Georgia Republican Rep. Doug Collins described Cummings as a friend.

Elijah Cummings was a fierce champion of civil rights and a dedicated public servant. It was my good fortune to know him as a friend.” Collins said in a statement. “My prayers are with his loved ones and the city of Baltimore.”

Born in Baltimore, Cummings was one of seven children of former sharecroppers who migrated from South Carolina.

“We did not have many opportunities,” he recalled of his childhood. “We did not play on grass. We played on asphalt.” But his “two very strong parents” set him on a productive course and saved to buy their own home in a city neighborhood that was integrating.
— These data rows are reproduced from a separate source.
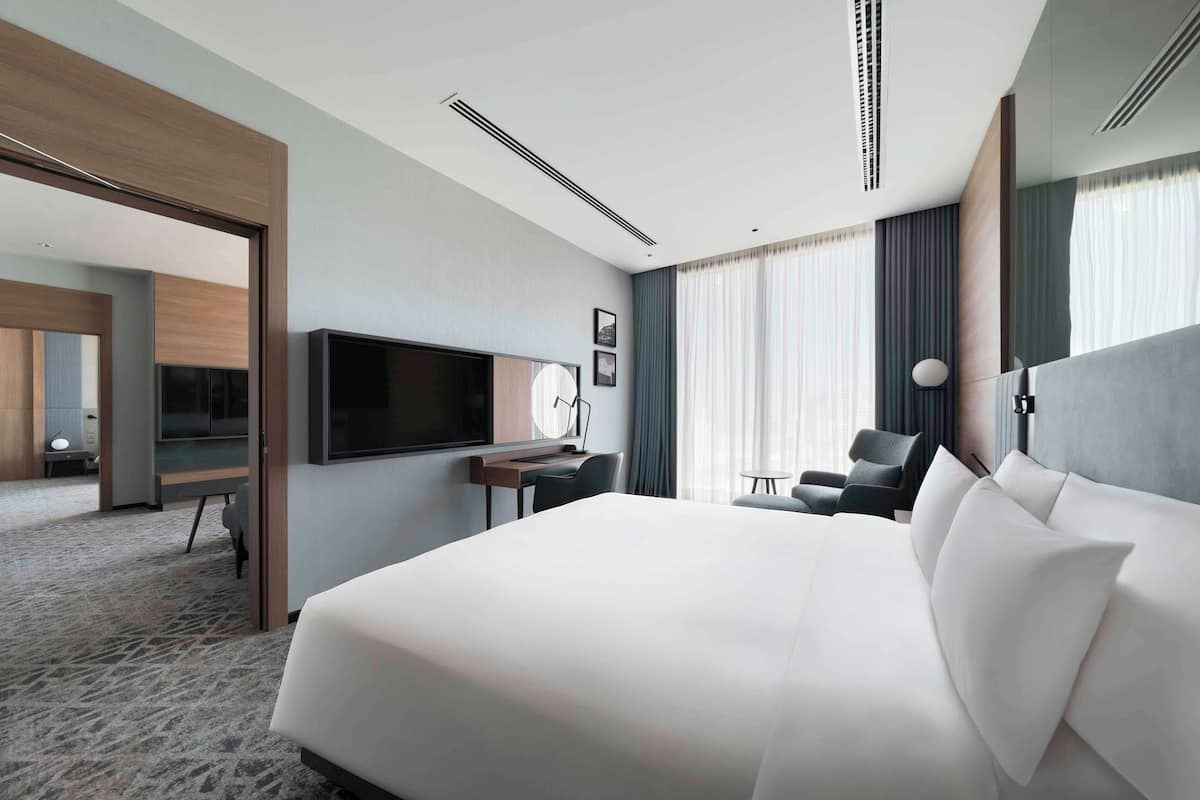 Habitación de hotel moderna con una cama grande, un escritorio, una silla, un televisor y vistas a la ciudad por la ventana.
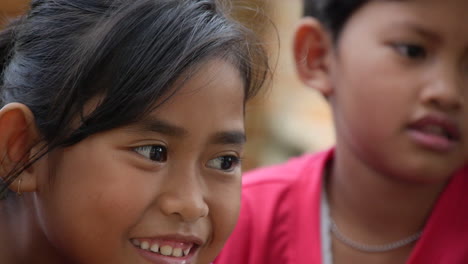 Two-Young-Indonesian-Girls-Smile-While-Having-Fun-in-the-Jungle,-Slow-Motion-Close-Up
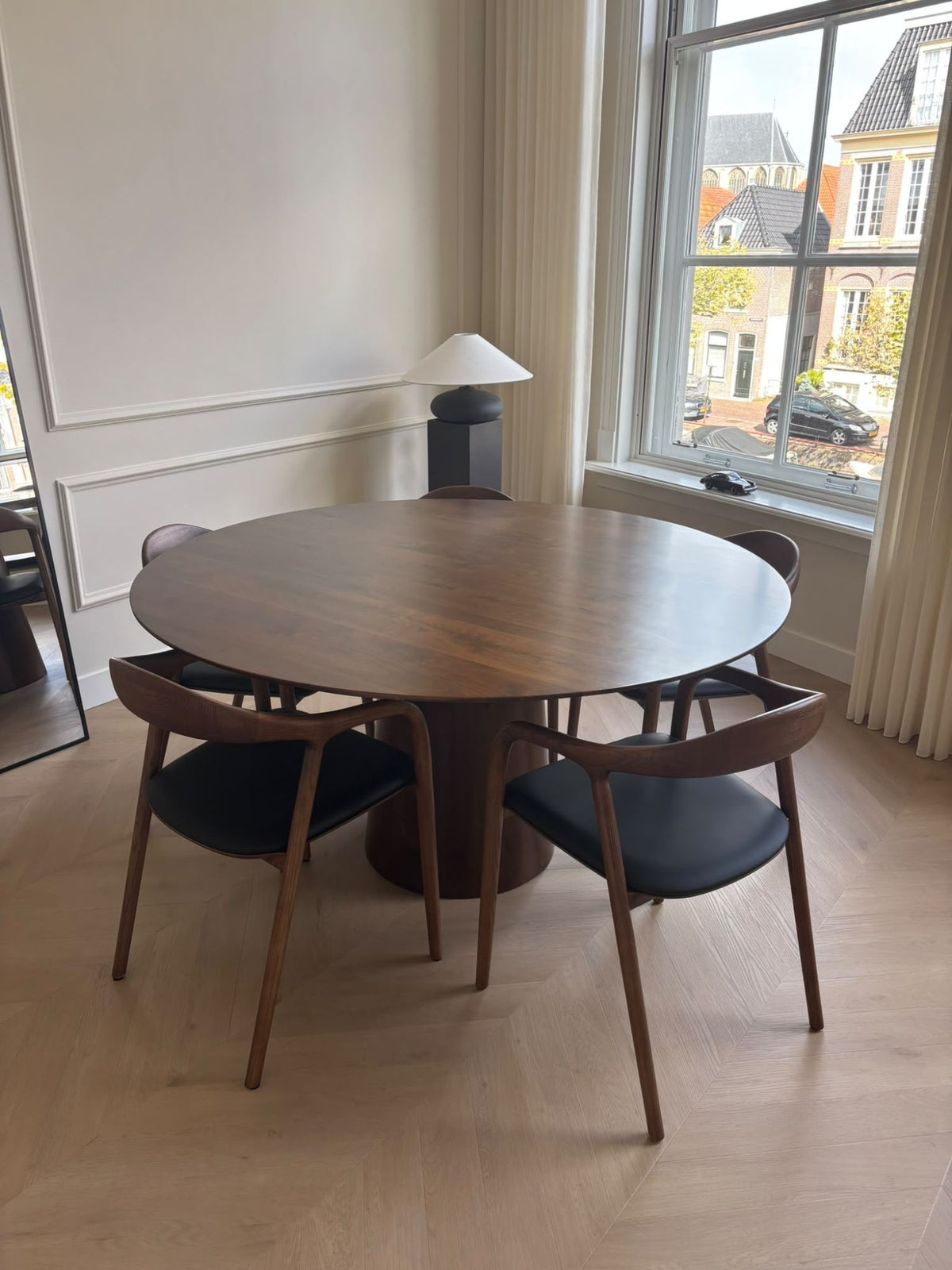 Ronde walnoten eettafel met eetkamerstoelen bij een klant thuis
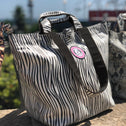 Close-up of a mini zebra shopper with black handles, outdoors on a stone ledge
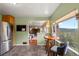Eat-in kitchen area features a breakfast nook with stunning views, stainless steel appliances, and a seamless pass-through to the living area at 8701 Majestic View Dr, Conifer, CO 80433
He graduated from Howard University in Washington, where he was student government president. He said his mother was hesitant about attending his graduation ceremony because she did not want to embarrass her son in front of “all those sophisticated people” at Howard. Cummings told her he would be honored to have her there.

While at Howard, Cummings worked the night shift at the Government Publishing Office, known at the time as the Government Printing office, to help pay for school. Four decades later, he would oversee the agency as a top Democrat on the House Oversight and Reform Committee.

On the eve of a hearing about the GPO in 2015, Cummings reflected on overseeing his old work place, telling CQ Roll Call, “Amazing. I have to pinch myself on that one.”

Running against 26 other Democrats in a 1996 special-election primary, Cummings garnered more than 37 percent of the vote. He easily dispatched his Republican opposition and has not come remotely close to defeat since then. He won reelection to his House seat in 2016 with 75 percent of the vote.